* **Work task**
Repeat the listing exactly. The images do not belong in the copy.
------ The records
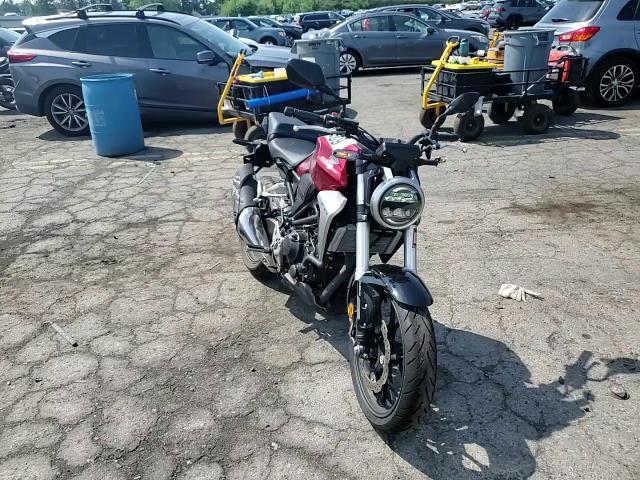 2019 Honda Cbf300 Na VIN: MLHNC5542K5000042 Lot: 62145565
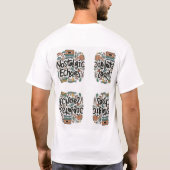 ペット好きのTシャツ Tシャツ (裏面)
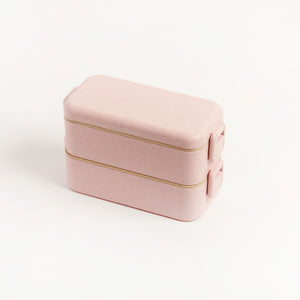ZERO-WASTE LAYERED BENTO LUNCH SET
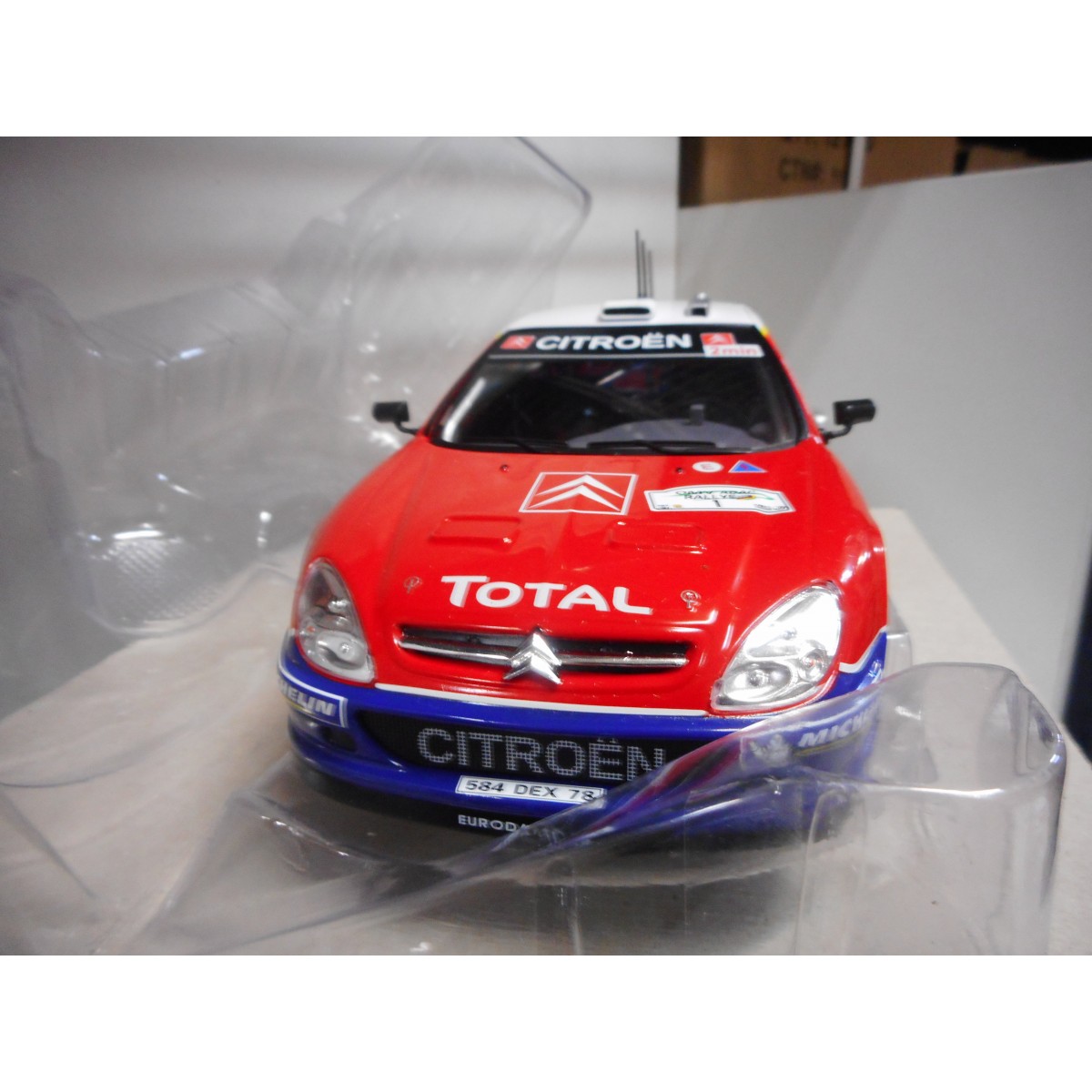 CITROEN XSARA WRC 2005 1:18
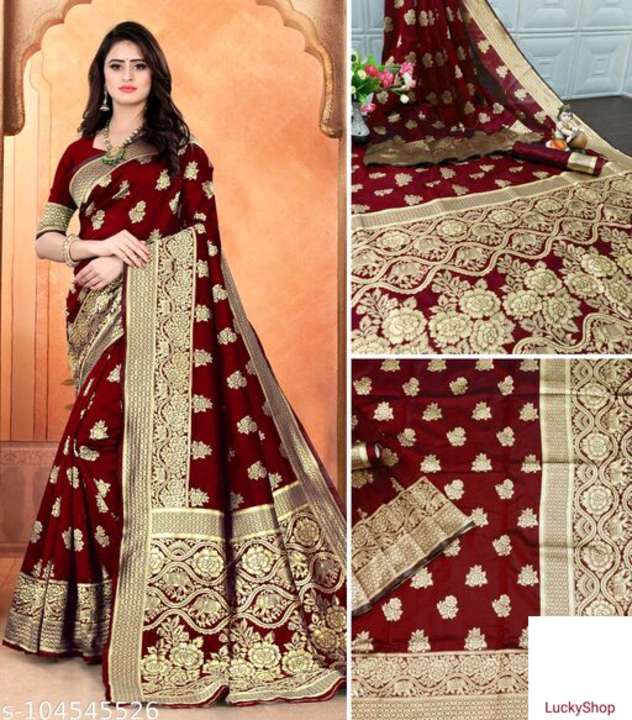 Banita Fashionable Sarees (On Sale) uploaded by business on 11/13/2022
------------
* **Exercise response**
 2019 Honda Cbf300 Na VIN: MLHNC5542K5000042 Lot: 62145565
 ペット好きのTシャツ Tシャツ (裏面)
ZERO-WASTE LAYERED BENTO LUNCH SET
 CITROEN XSARA WRC 2005 1:18
 Banita Fashionable Sarees (On Sale) uploaded by business on 11/13/2022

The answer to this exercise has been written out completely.